* [RECORD EXCERPTS]
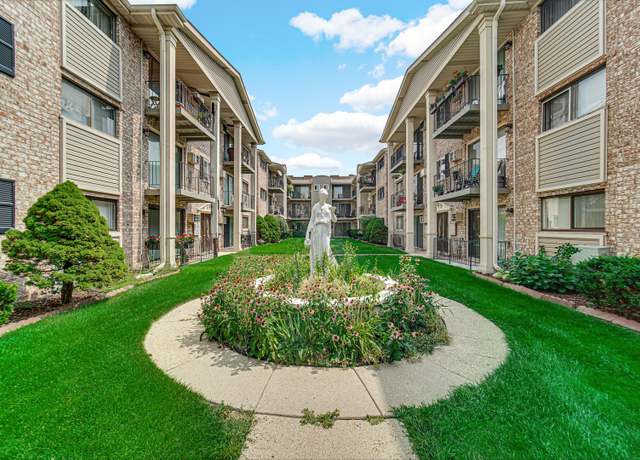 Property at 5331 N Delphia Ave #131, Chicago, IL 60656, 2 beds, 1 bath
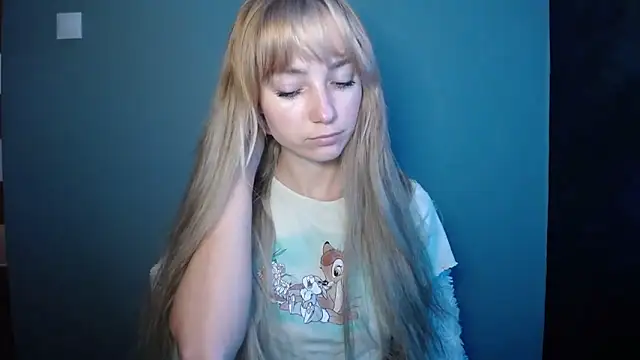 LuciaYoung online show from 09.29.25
==
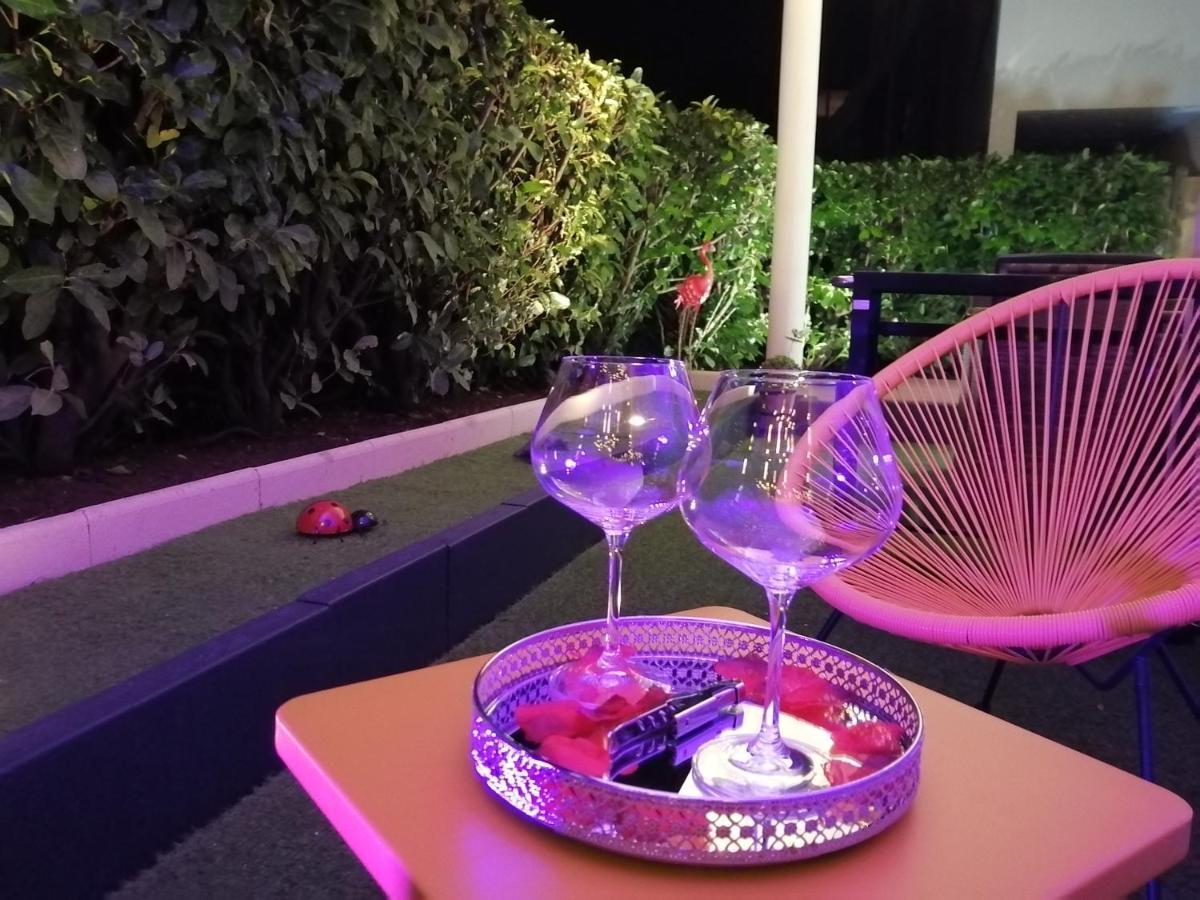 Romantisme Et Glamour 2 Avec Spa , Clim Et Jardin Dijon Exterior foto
* * *
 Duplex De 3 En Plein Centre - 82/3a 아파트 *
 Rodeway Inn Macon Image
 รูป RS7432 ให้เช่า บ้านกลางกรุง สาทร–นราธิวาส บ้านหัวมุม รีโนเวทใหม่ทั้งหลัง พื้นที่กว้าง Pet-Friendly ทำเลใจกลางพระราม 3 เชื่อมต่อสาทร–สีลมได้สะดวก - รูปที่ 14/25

* [TASK DETAILS] An exact copy of the lines above between the line holding "Rodeway Inn Macon Image" and the line holding "รูป RS7432 ให้เช่า", inclusive, is the whole answer.

* [EXERCISE RESULT]
 Rodeway Inn Macon Image
 รูป RS7432 ให้เช่า บ้านกลางกรุง สาทร–นราธิวาส บ้านหัวมุม รีโนเวทใหม่ทั้งหลัง พื้นที่กว้าง Pet-Friendly ทำเลใจกลางพระราม 3 เชื่อมต่อสาทร–สีลมได้สะดวก - รูปที่ 14/25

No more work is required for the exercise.